Two adult male cheetah were released on the Eastern Shores of the Greater St Lucia Wetland Park on Sunday 7 September marking the return of the world’s fastest cat to a wilderness where they were last seen about 100 years ago.
The return of these animals to the St Lucia Wetlands took place at the end of a major conference in the park where scientists and community leaders had gathered for three days – in preparation for the World Parks Congress – to discuss key issues relating to wildlife conservation and ways in which protected areas can contribute to economic growth and job-creation.
The two cats of are the first of six to be introduced by the park authority in an effort to create a viable coalition of cheetah on the shores of the wetlands from where they disappeared in the early 1900s. The big cats were shot as vermin by cattle farmers and their rangeland was transformed by various commercial forms of land use.
The cheetah release was timed to mark the end of a three-day conference in which academics and community leaders had gathered at Cape Vidal in the St Lucia Wetlands Park to discuss a range of issues related to conservation and local economic development.
The Cape Vidal gathering was held in the run-up to the World Parks Congress that will take place in Durban this week where about 2500 conservationists, scientists and development workers from around the world gather to debate key issues relating to protected areas. The World Parks Congress is held once every 10 years and the key theme at this event is how game reserves can generate benefits for citizens who live outside the boundaries of protected areas.
A key message coming out of the Cape Vidal meeting was a plea to the South African government from people living on the borders of game reserves and national parks to make a concerted effort to ensure that the country’s people-friendly conservation measures are converted from policy into practice.
Dr Kenton Miller, a key organizer of the World Parks Congress, in a keynote address to the Cape Vidal meeting noted that more than 10% of the earth’s land is now under conservation, making the protection of wilderness the second biggest form of rural land use in the world after agriculture. He said this posed a number of serious challenges to practitioners who want to conserve nature while improving the lives of people who live in wilderness areas.
The gathering was also opened by Dr David Sheppard, head of the World Conservation Union – IUCN programme on protected areas and Secretary General of the 2003 World Parks Congress. ‘With the increase in protected areas both in number and extent there is a necessity for new institutions backed by good science,” said Dr Sheppard. He argued that conservation today required novel partnerships between governments, non government organizations, the private sector and citizens’ organizations in order to meet the management challenges they face today.

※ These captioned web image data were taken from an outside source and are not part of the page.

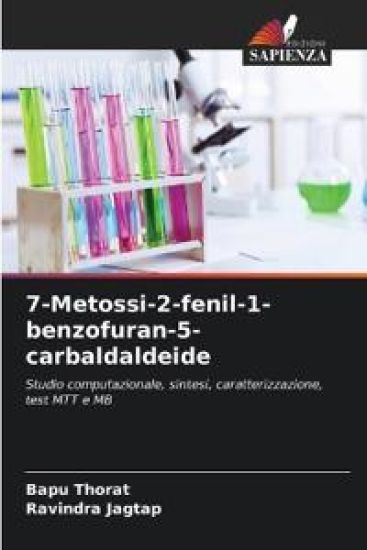 7-Metossi-2-fenil-1-benzofuran-5-carbaldaldeide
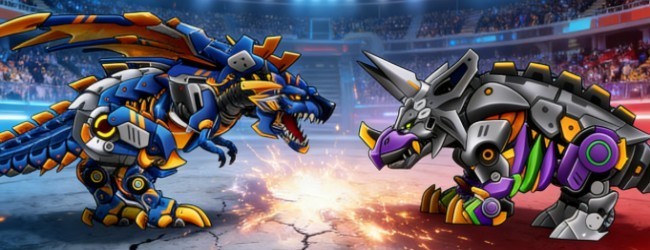 恐龙进化斗兽场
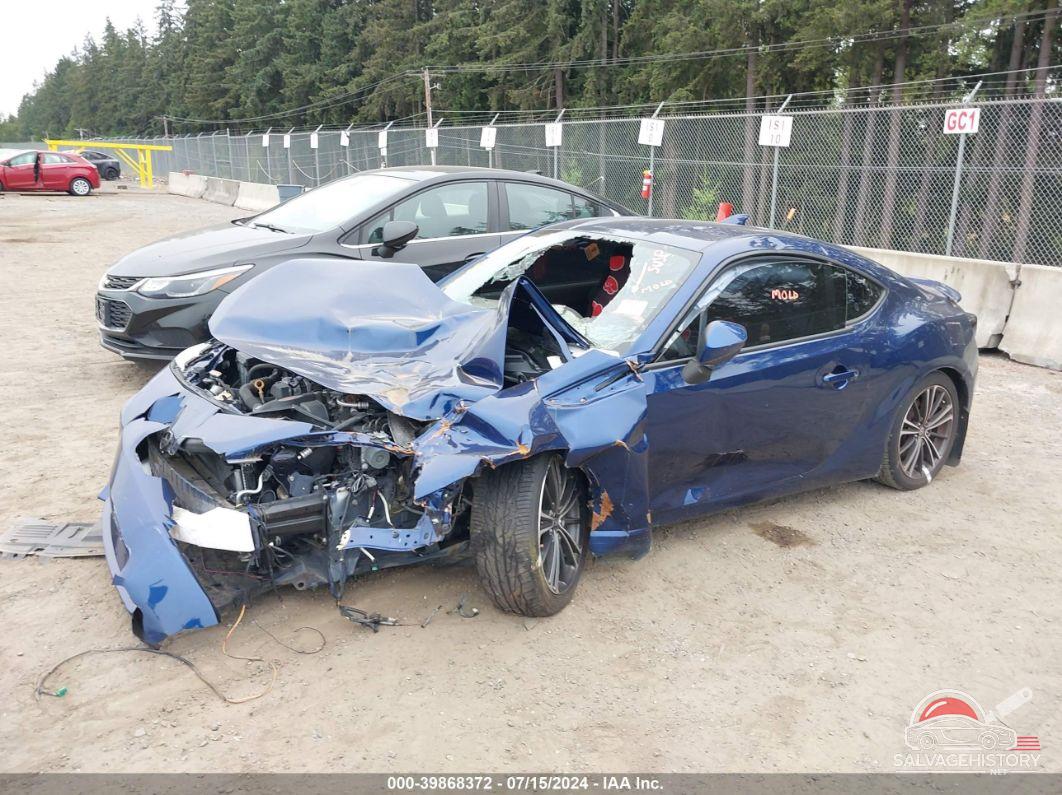 JF1ZNAA15D2720545 2013 SCION FR-S photo no. 2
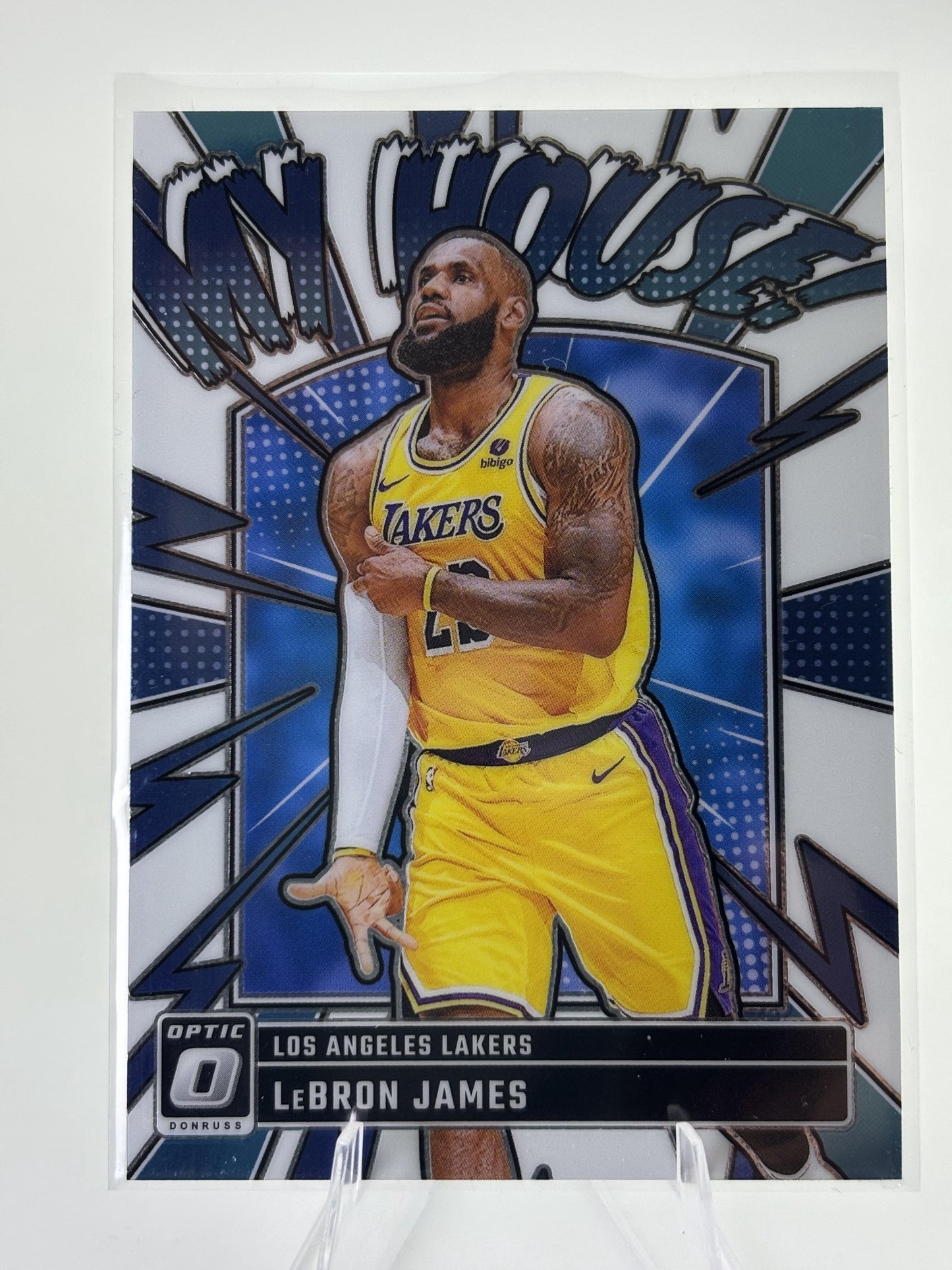 2024-25 Donruss Optic #3 LeBron James My House
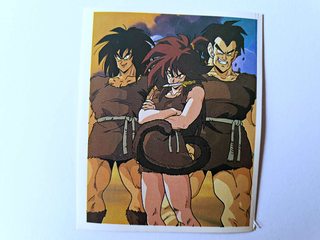 DBZ 1: Lámina 129 (A Pegar) [1998, Salo]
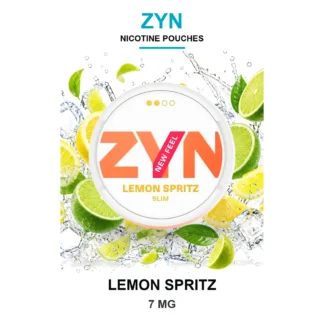 Lemon Spritz ZYN Nicotine Pouches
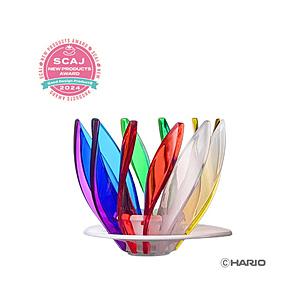 ハリオ V60 ドリッパー SUIREN 虹(NIJI)   VDSU-02-NJ | HARIO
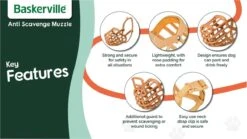 Baskerville Classic Muzzle Muilkorf - Maat 5 -Hondenproducten 1200x676 2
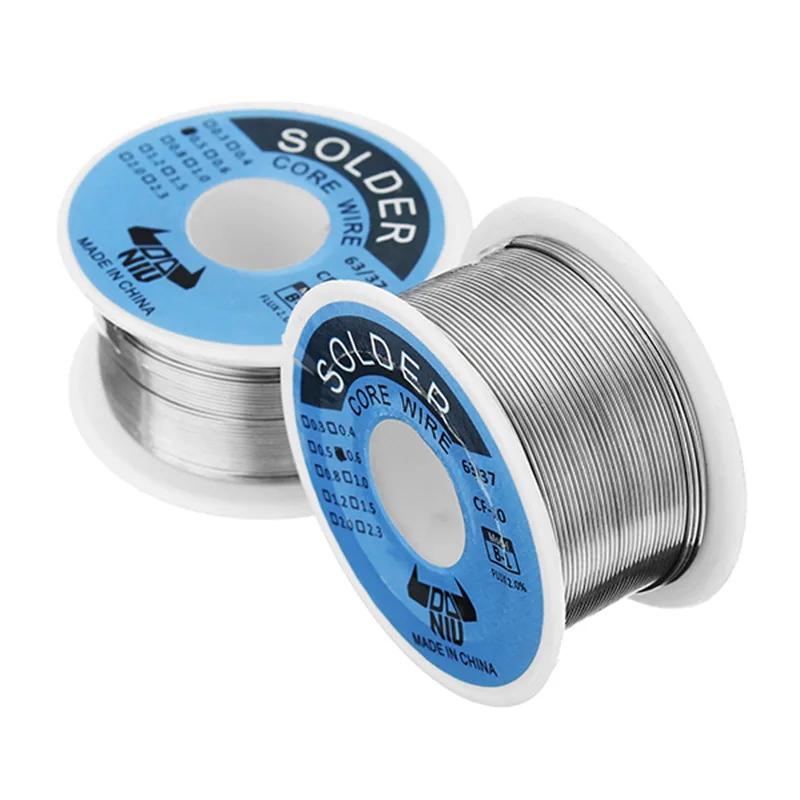 DANIU 100g 63/37 свинцово оловянные канифольное ядро 0 5 2 мм 2% поток катушка для сварки и
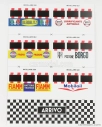 Officina-942 Accessories Transenne Per Gran Premio - Barriers For Gp 1:76 Různé
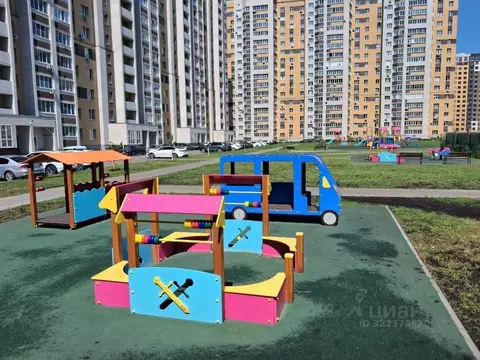 1-к кв. Тамбовская область, Тамбов Радужный мкр, ул. Сабуровская, 1Бк1 ...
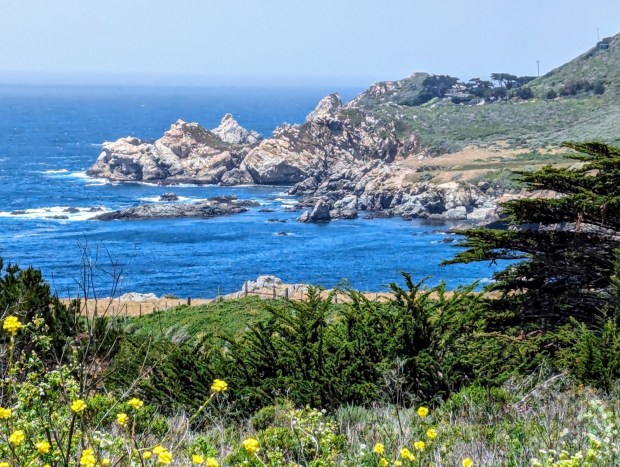 Rocky Point, located 10 miles south of Carmel on Highway 1, is known for its stunning views of the Big Sur Coast. Rocky Point Restaurant, located there, operated from 1947 to 2020, but closed during the COVID pandemic. It was purchased in 2021 for $8 million by Esperanza Carmel, a real estate company controlled by Monaco billionaire Patrice Pastor. (Photo: Paul Rogers, Bay Area News Group)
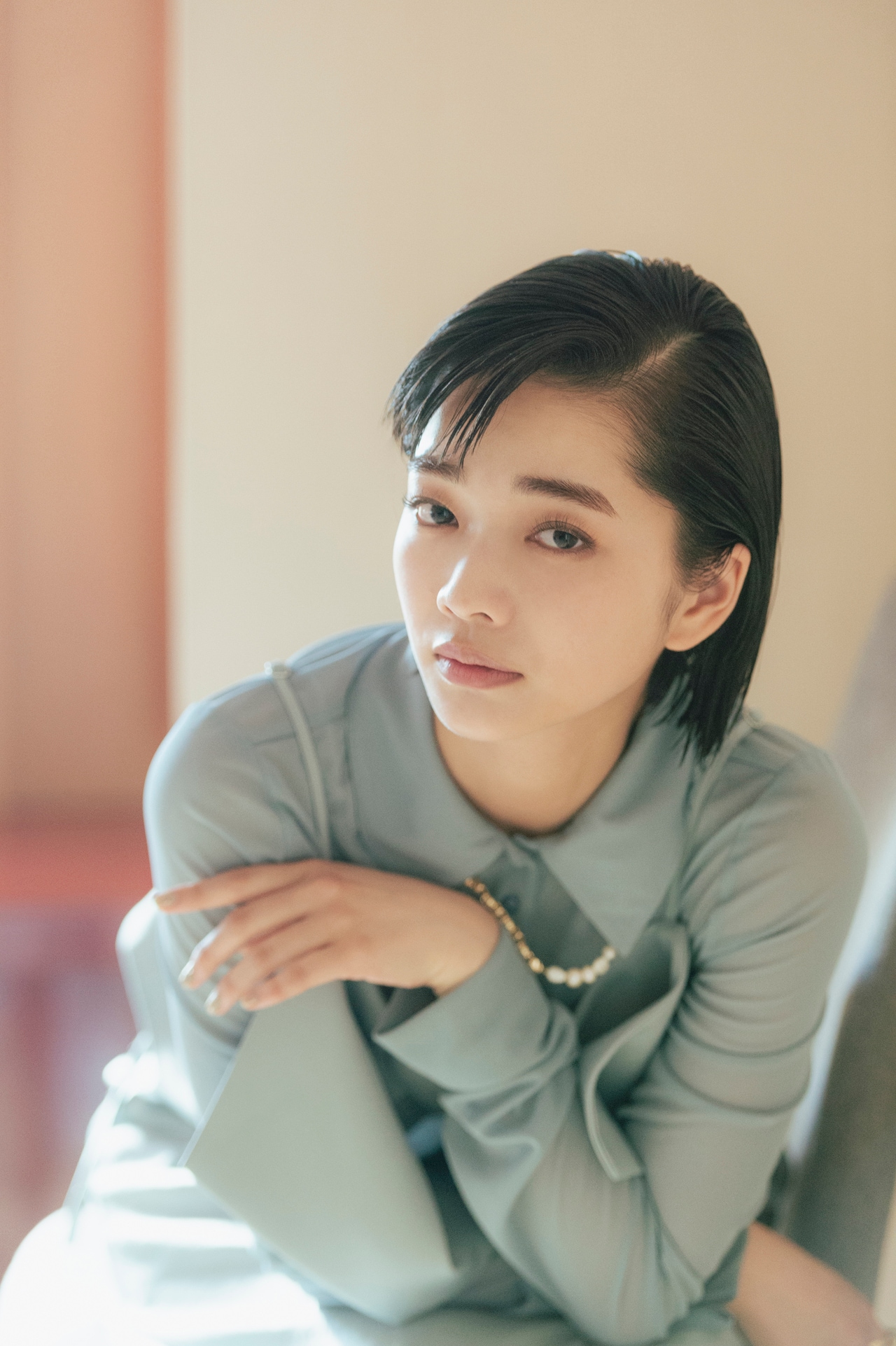 見上愛さん。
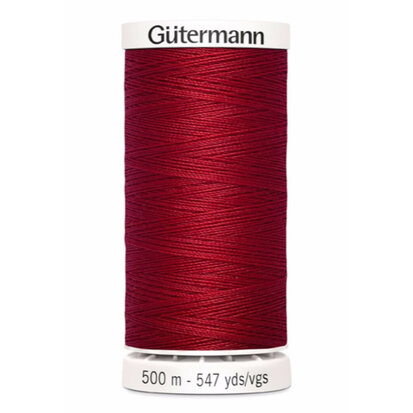 Rood - Gütermann Allesnaaigaren 500m - 046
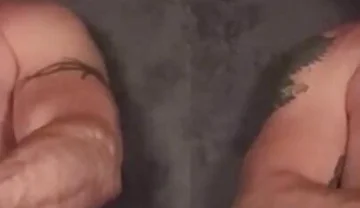 Stroking with Myself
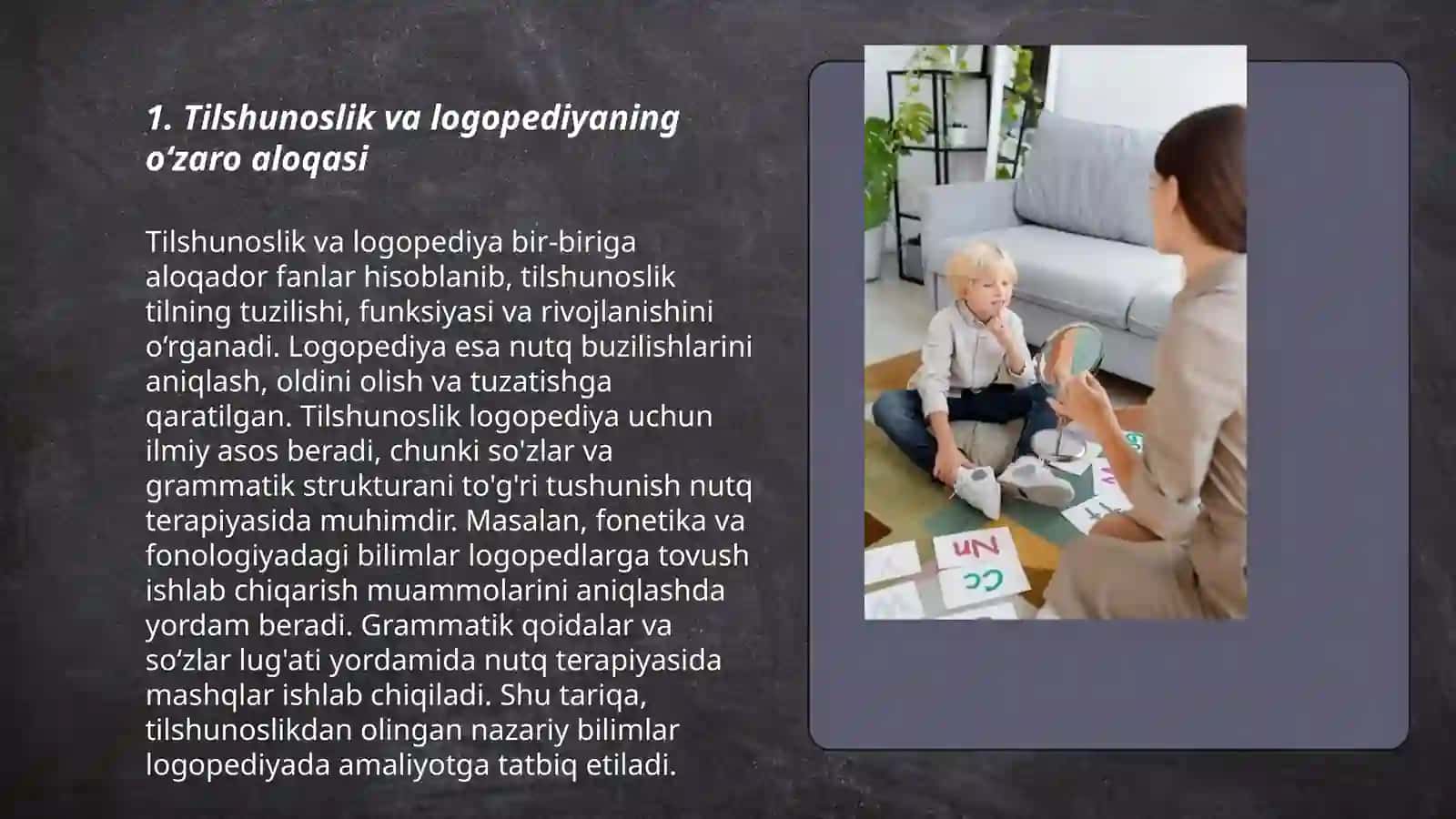 Tilshunoslikning Logopediya va Defektologiya bilan Munosabati 3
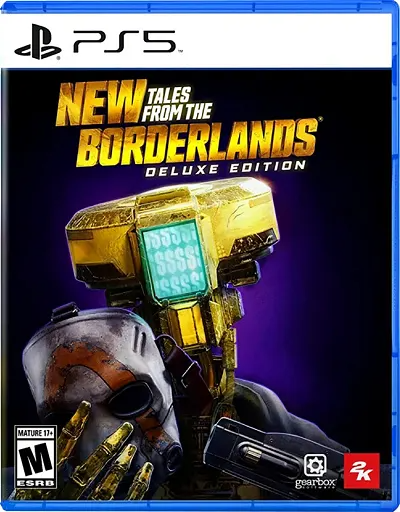 Clovis - Blue Shell Gaming - New Tales from the Borderlands [Deluxe Edition] - Video Game - Playstation 5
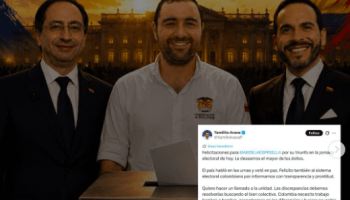 “Felicitaciones. Cuenten con nosotros desde Bolívar. Estamos listos para trabajar en equipo. Colombia necesita trabajo hombro a hombro”: Yamil 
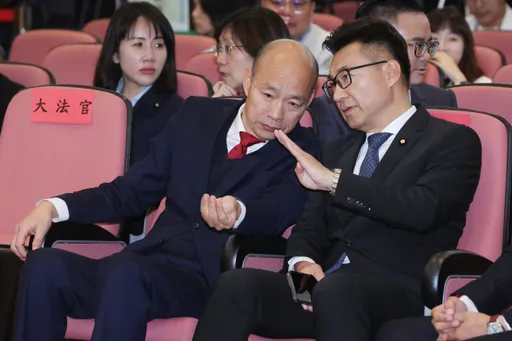 韓國瑜當院長首日就沒上班？　副院長江啟臣緩頰：在安排人事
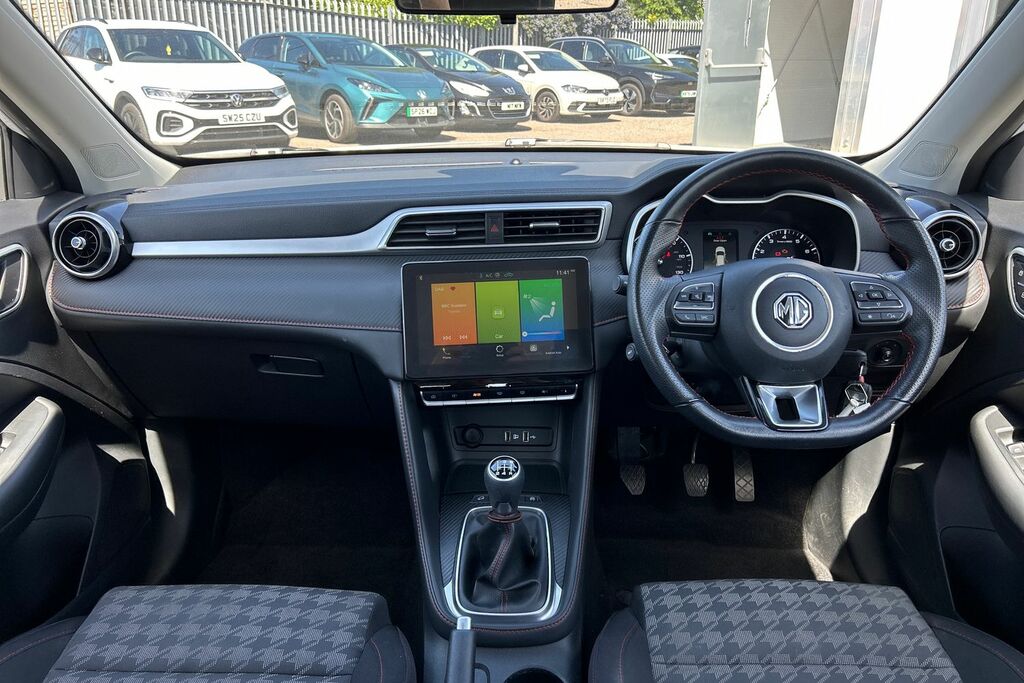 MG ZS 1.5 Vti-tech Excite Euro 6 Ss White #5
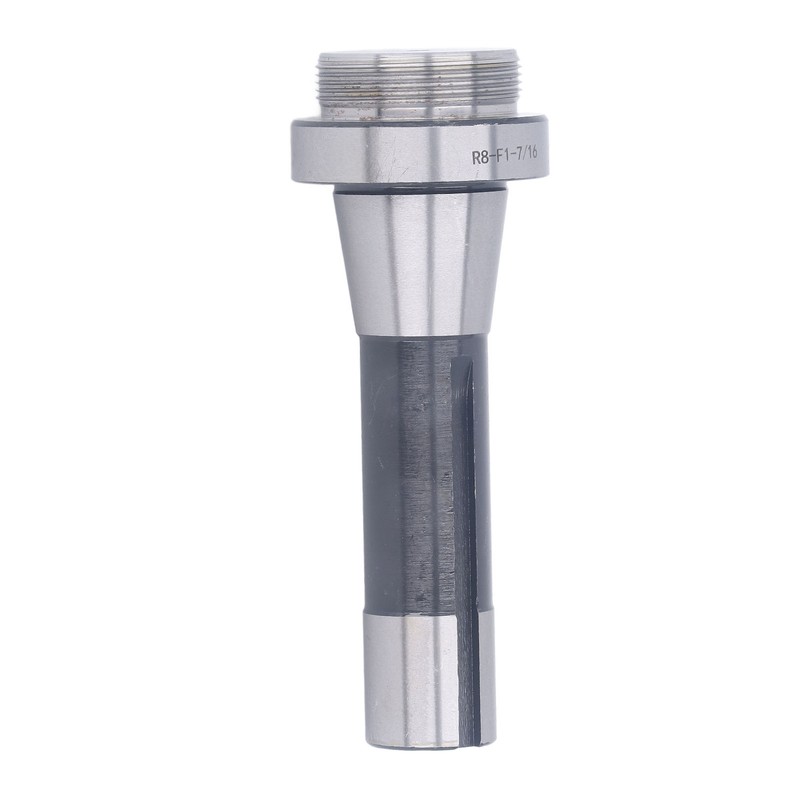 F1 Type Boring Head Shank R8‑1‑1/2‑18UNF‑7/16 Arbor End Mill Adapter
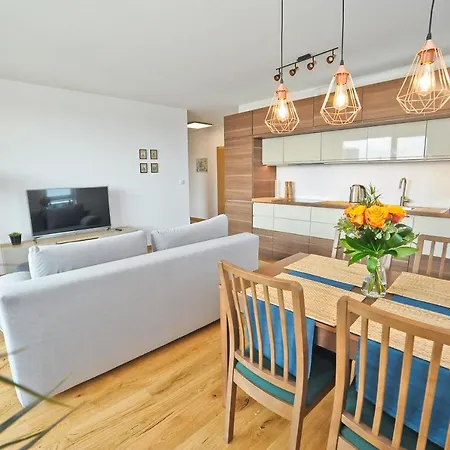 Grand Apartments - Three Bedrooms With Panorama Of The Old Town Danzig Exterior foto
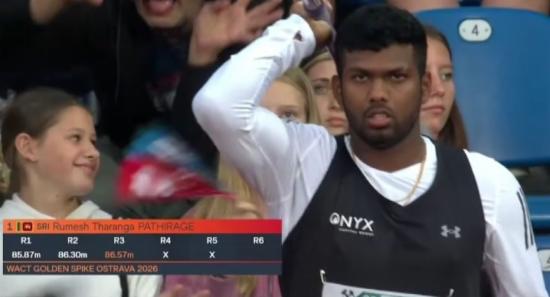 Rumesh Makes History with Golden Spike Victory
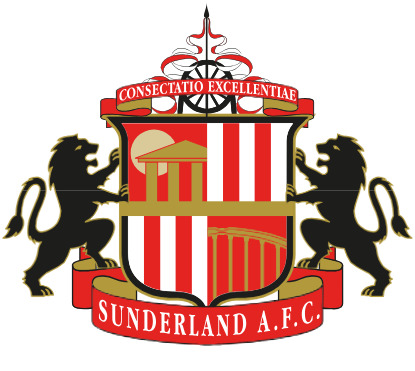 SAFC badge #discoversunderland.com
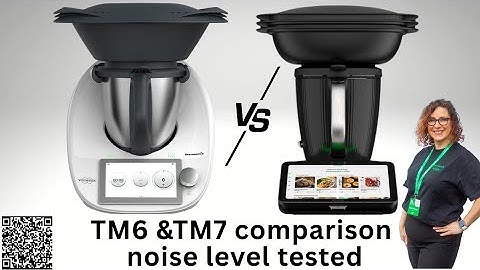 Thermomix TM6 & TM7 Comparison – Noise Levels Tested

Dr Francesco Banderin, director of Unesco’s World Heritage Centre, told the gathering that ‘without development we cannot even talk about conservation — unless we link conservation to communities living around parks there isn’t a chance of success in the long-term effort (to conserve biodiversity).”
He added that South Africa’s World Heritage Convention Act, which governs the management of World Heritage Sites in this country, was a prime example of the kinds of new and adaptive policies required to meet this challenge. The legislation attempts to create a framework to balance development and conservation. Unesco is using this legislation as a model of best practise for the management of other World Heritage Sites in the developing world.
But leaders from rural communities who live on the borders of national parks in South Africa noted that although South Africa had made a series of reforms in conservation policies aimed at alleviating poverty through the protection of biodiversity, these were not being properly implemented in all parts of the country.
‘We need to move from paying lip-service and saying the right things to putting the right things into practise,” said Livingstone Maluleke, a civic leader from the Makuleke people who were removed from the northern part of the Kruger National Park and have now been given back ownership of their land in the park.
The Greater St Lucia Wetland Park – where the Cape Vidal meeting and cheetah release took place – is one of South Africa’s first three World Heritage Sites. Andrew Zaloumis, CEO of the Wetlands Park Authority, told the gathering that key challenge in park management is to ‘develop to conserve” thus putting an emphasis on the alleviation of poverty and regional economic development as the most effective way to ensure the survival and regeneration of St Lucia’s biodiversity. The Wetlands Park Authority is implementing this broad vision in partnership with EKZN Wildlife who have built a solid reputation in conservation management.
The Wetlands Authority recently announced that it has attracted development proposals from 21 tourism companies to develop eight sites in the park. The proposals will lead to a total investment of some R450 million and will result in the creation of about 1500 full time jobs and significant local ownership in these new businesses. It has also invested some R650 million of public finance in the development of new roads, fences, tourism facilities, new land incorporations and removal of alien vegetation and commercial plantations in the park and surrounding region.
Dr David Sheppard noted that although 10 percent of the world’s land was under conservation many parks and game reserves have been declared in name only. Delegates to the Cape Vidal conference noted that lessons learnt from the St Lucia Wetland Park and other protected areas where real rather than paper parks are being built would provide key inputs to the World Parks Congress.